Mentire : Masques et attrapes

Mensonges, tromperies et quiproquos: les enfants adorent. Et comme c’est le ressort des genres comiques – commedia dell’arte, farce et comédie moliéresque -, l’idée était belle de puiser à cette tradition pour leur offrir un divertissement sur mesure. Mentire est une cocréation de deux compagnies, le Théâtre de la Vieille 17 et le Théâtre populaire d’Acadie, auxquelles il faut ajouter trois autres producteurs (le CNA, les Coups de théâtre et le Théâtre du Frêne, de Paris). Cela fait beaucoup de monde, mais hélas! cela ne donne pas un grand spectacle.

C’est pourtant un «beau» spectacle. Devant un superbe ciel bleu, le décor de Luc Rondeau est constitué de quais de bois et de poteaux rayés grâce auxquels on reconnaît Venise, espace nu qui fait signe au tréteau des saltimbanques. Avec ses costumes colorés et ses masques, Luce Pelletier contribue à cette réussite scénographique.

Mais alors? Signé Robert Bellefeuille et Louis-Dominique Lavigne, auteur aguerri s’il en est, le texte m’a semblé paresseux, si ce n’est quelques jeux de mots suscités par la confusion langagière de Tartaglia («sous-lieutenant en chef» devient «sous-vêtement en chef», titre dont s’enorgueillit le pauvre bigre). Quant à l’intrigue, sa simplicité convient très bien aux enfants, qui raffolent des bastonnades, mais elle n’apporte guère de surprises: Arlequin invente un capitaine étranger à Madame Pantalone, sa patronne en mal d’amour. O hasard! un faussaire qui a eu vent de la fortune de la dame se présente déguisé en capitaine, que les autres veulent démasquer, mais qui n’est pas le vilain que l’on croit. Rien de bien neuf sous le ciel d’Italie…

Ce sont donc essentiellement les jeux de scène qui amusent, mais les trouvailles sont minces de ce côté, dans une mise en scène (de Robert Bellefeuille) qui pourtant veut laisser toute la place au travail du comédien.

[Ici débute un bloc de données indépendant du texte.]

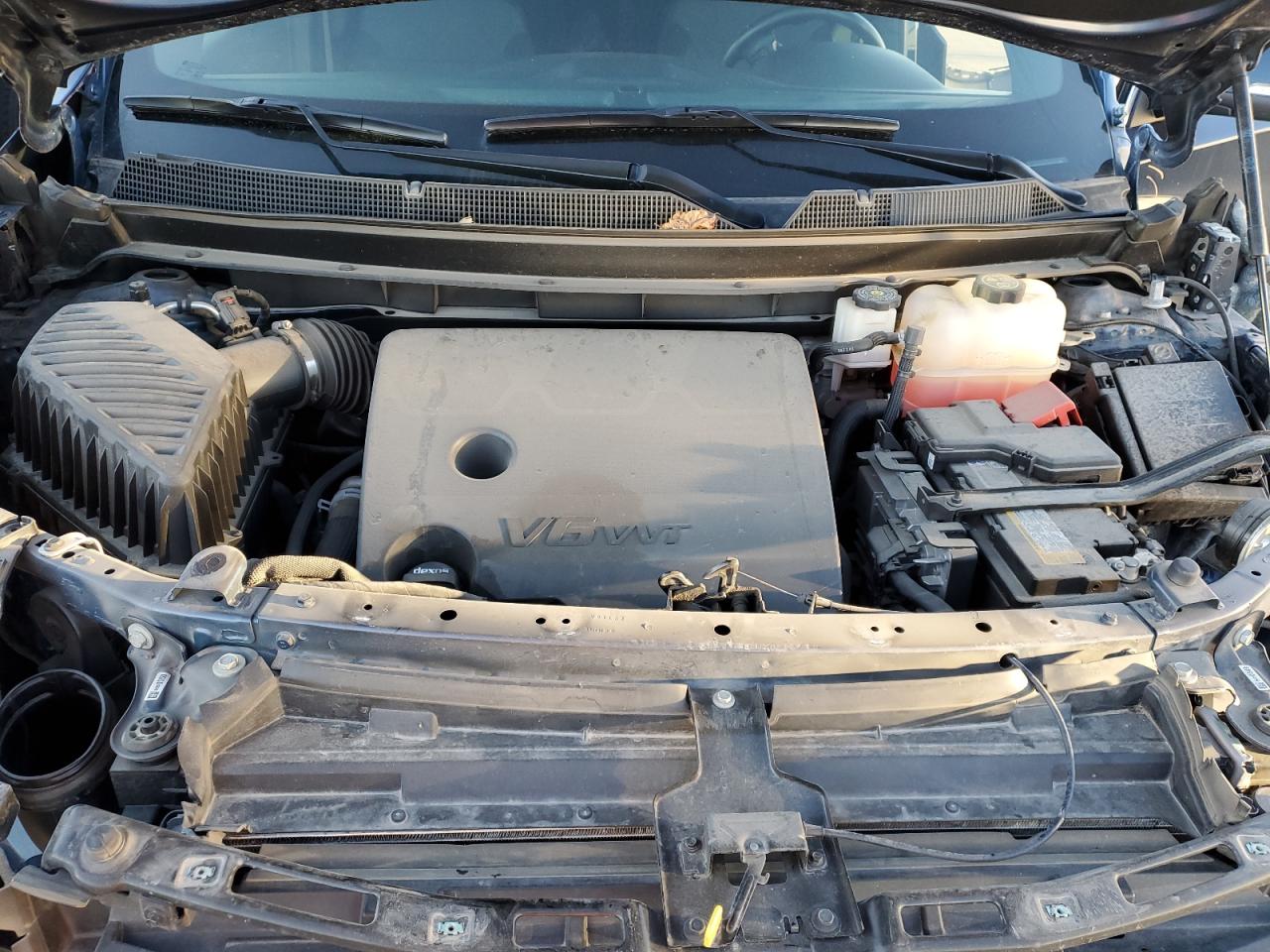 2022 CHEVROLET TRAVERSE LT VIN:1GNEVGKW0NJ184477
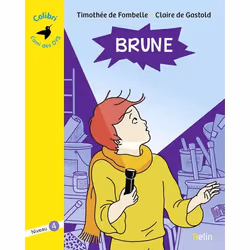 ISBN Brune, 56 pages
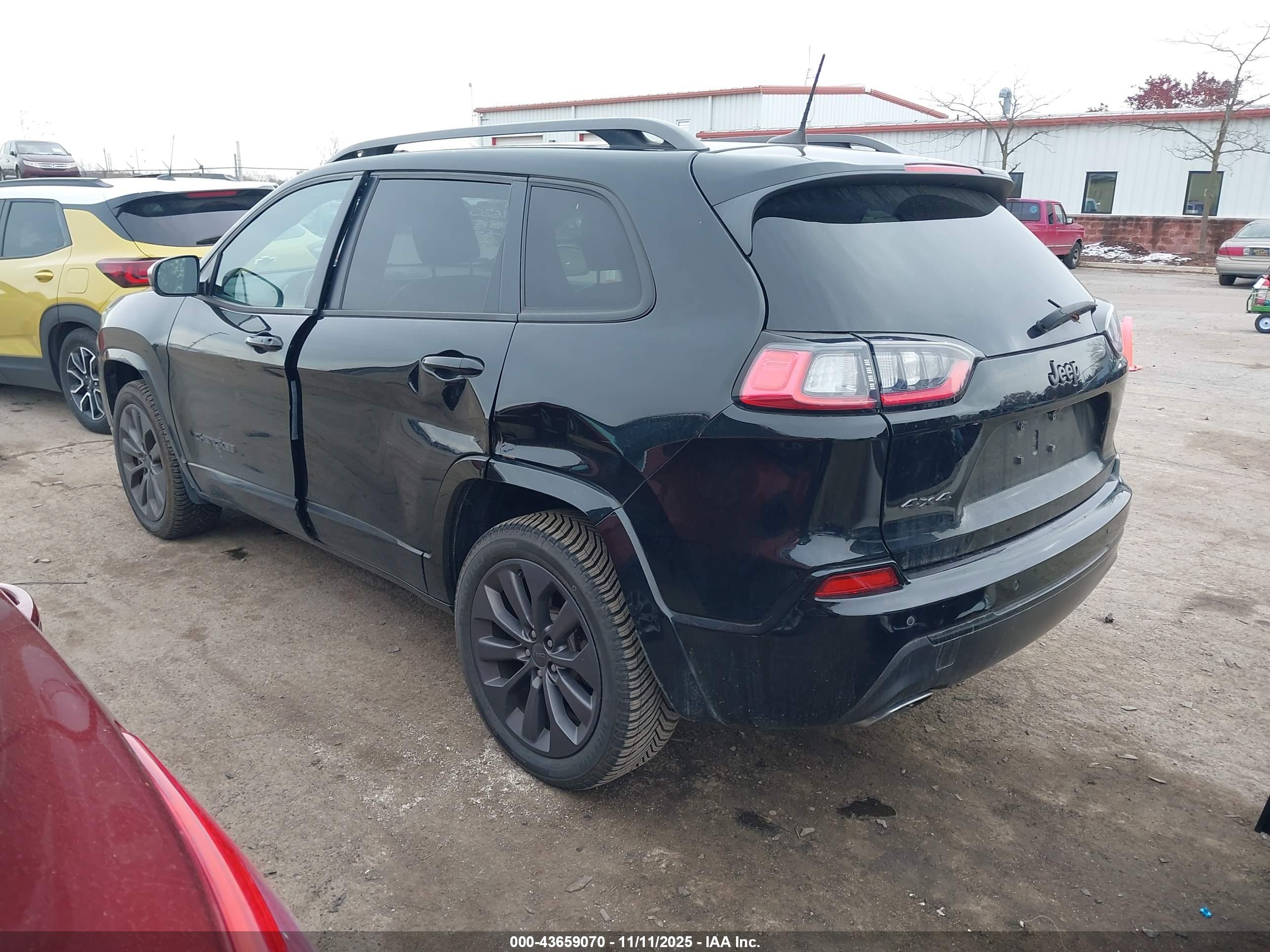 JEEP CHEROKEE image 3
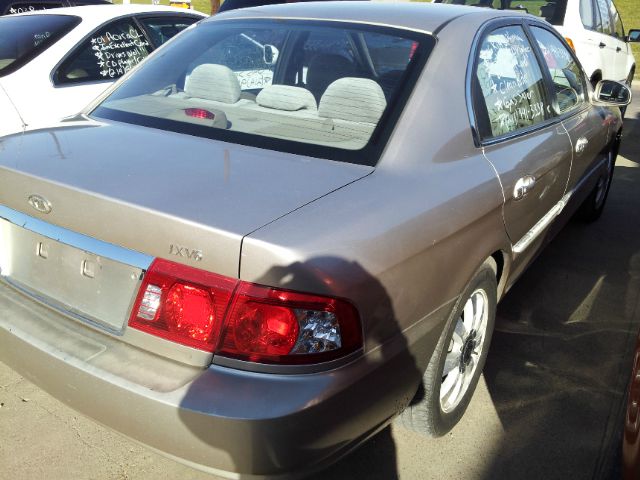 Kia Optima 2006 photo 2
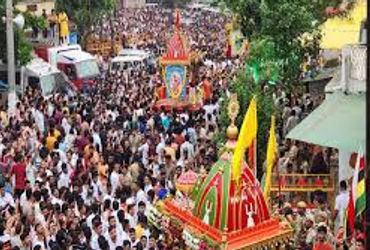 ભગવાન જગન્નાથજીની ૧૪૮મી રથયાત્રા માટે પૂર્વમાં જડબેલસાક બંદોબસ્ત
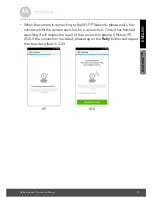 Предварительный просмотр 15 страницы Motorola FOCUS73 User Manual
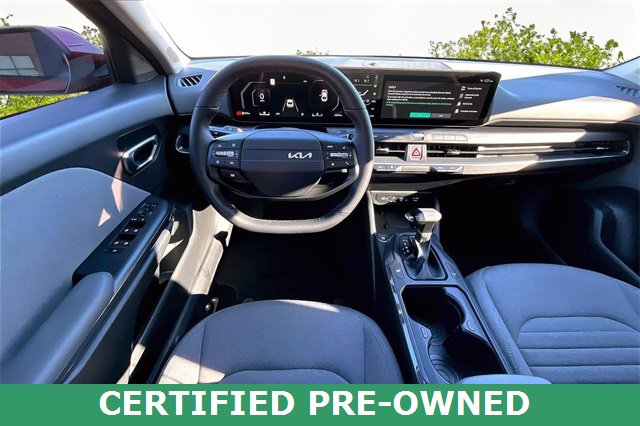 Certified 2025 Kia K4 EX image 5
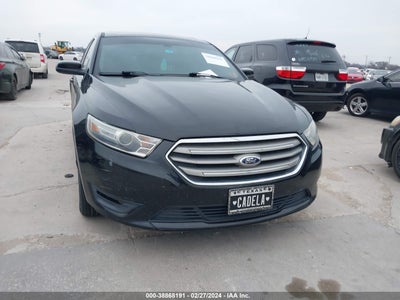 Ford Taurus 2013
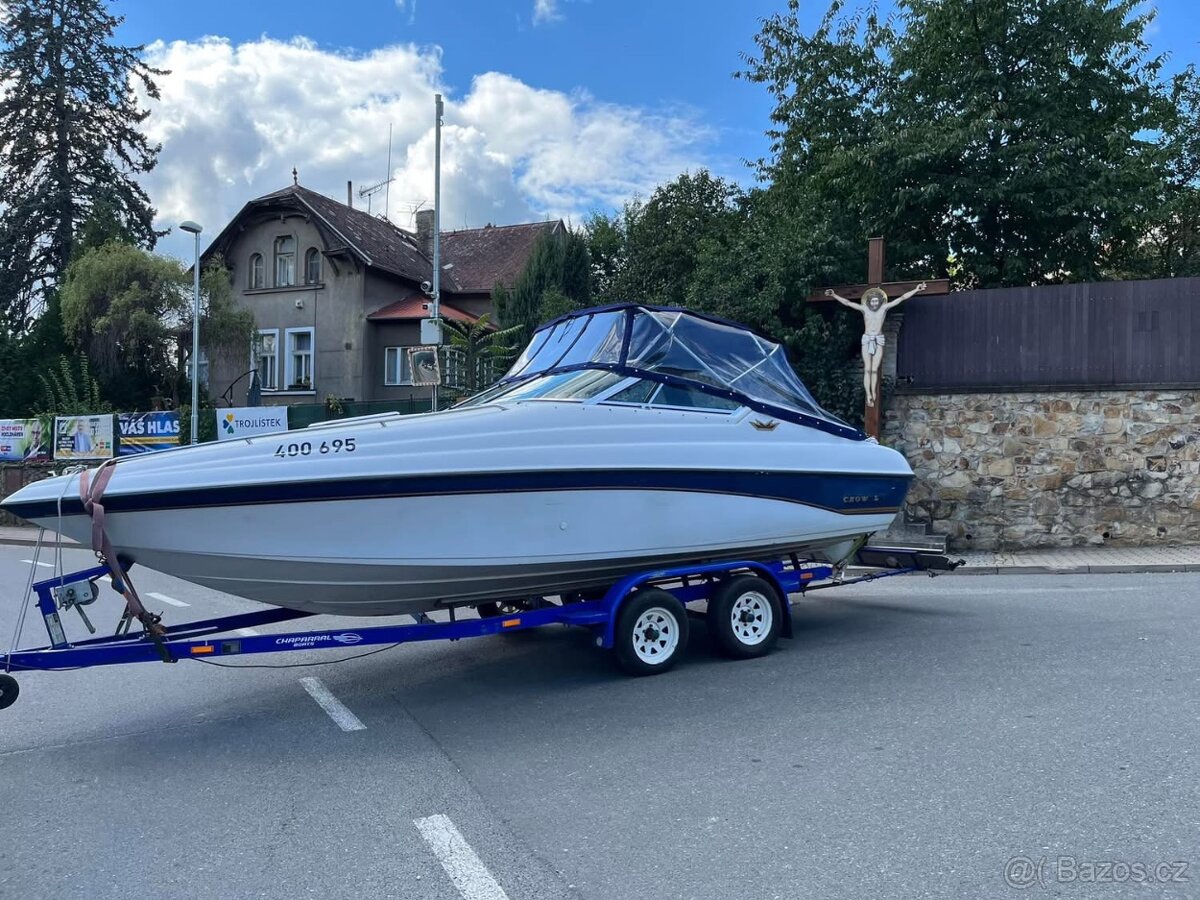 Crownline 225 CCR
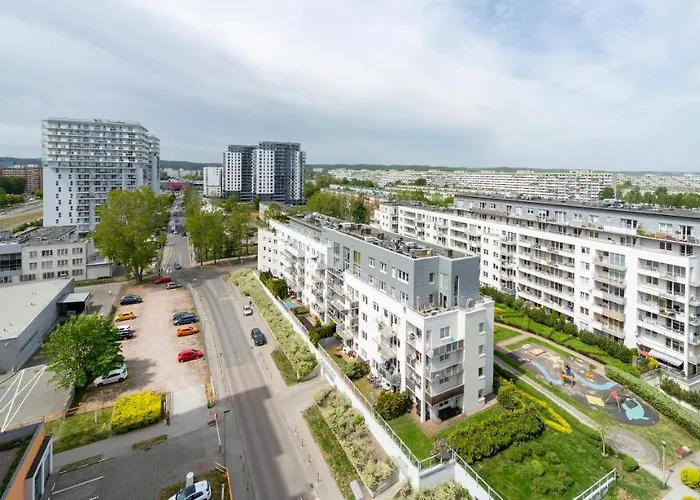 Apartment Eu - Panorama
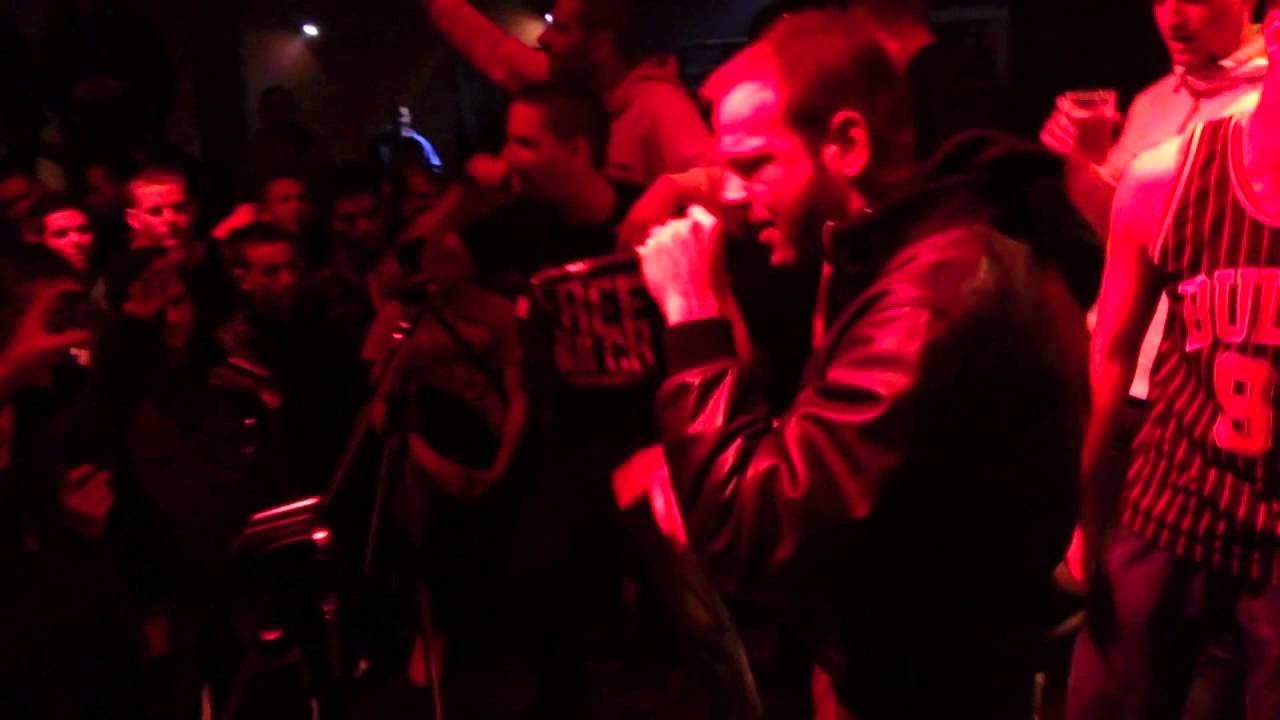 Dripac - Deja vu (Uživo NS route 66, 5.10.2013)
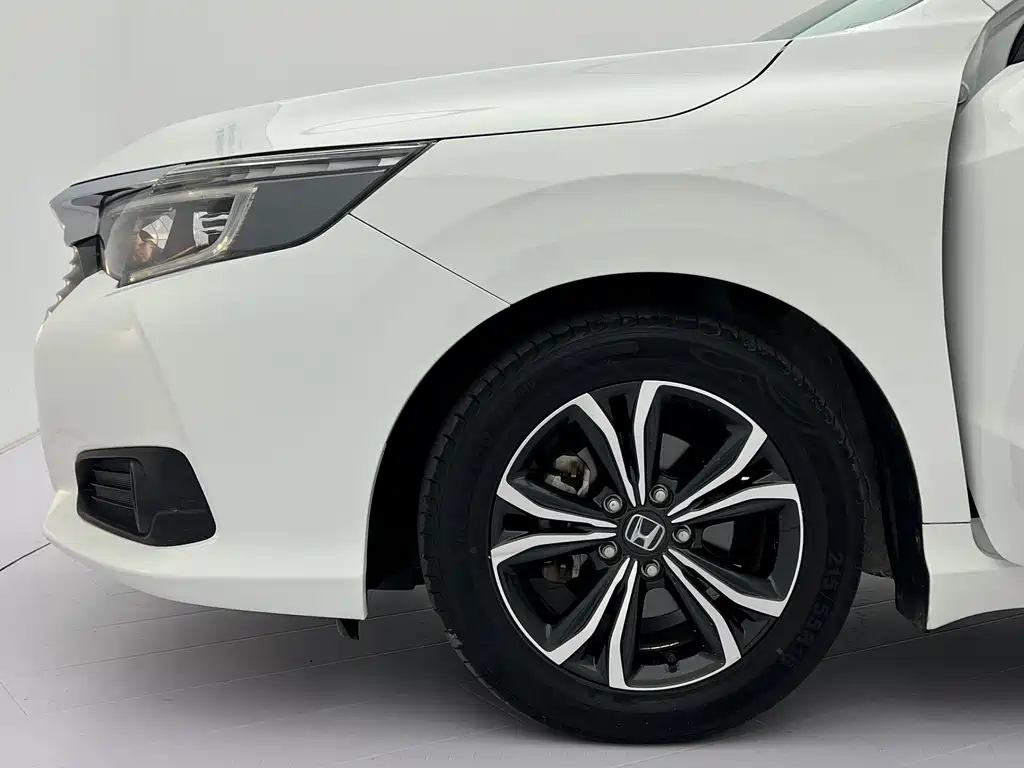 Honda Crider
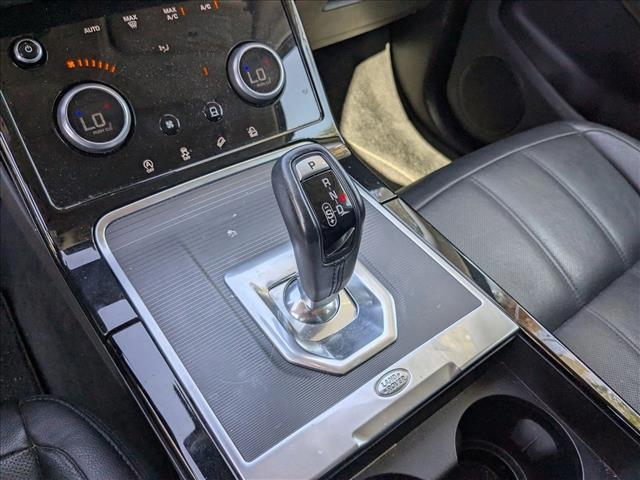 used 2021 Land Rover Range Rover Evoque car, priced at $26,491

Si les types de la commedia dell’arte sont fidèles à eux-mêmes (Pantalone avare, Arlequin soucieux de sa panse), le choix de féminiser deux rôles, le Dottore et Pantalone, m’a laissée perplexe. Si cela fonctionne pour la doctoresse d’Esther Beauchemin, on ne voit guère ce qu’il y a de féminin dans la Pantalone de Ginette Chevalier: ses déhanchements lubriques et sa voix rocailleuse sont en tous points masculins, si bien que j’ai pensé que le rôle était défendu par un homme qui n’arrivait pas à jouer un personnage de femme! Les autres se tirent mieux d’affaire, en particulier Luc LeBlanc en Arlequin, qui excelle dans les cabrioles.

Soyons honnête: le spectacle n’a pas semblé déplaire aux écoliers de neuf à douze ans qui, bon public, ont ri volontiers aux moments opportuns, et chaleureusement applaudi. C’est peut-être l’occasion d’initier les enfants à la tradition théâtrale et au jeu masqué, dont le Théâtre de la Vieille 17 a une expertise indéniable.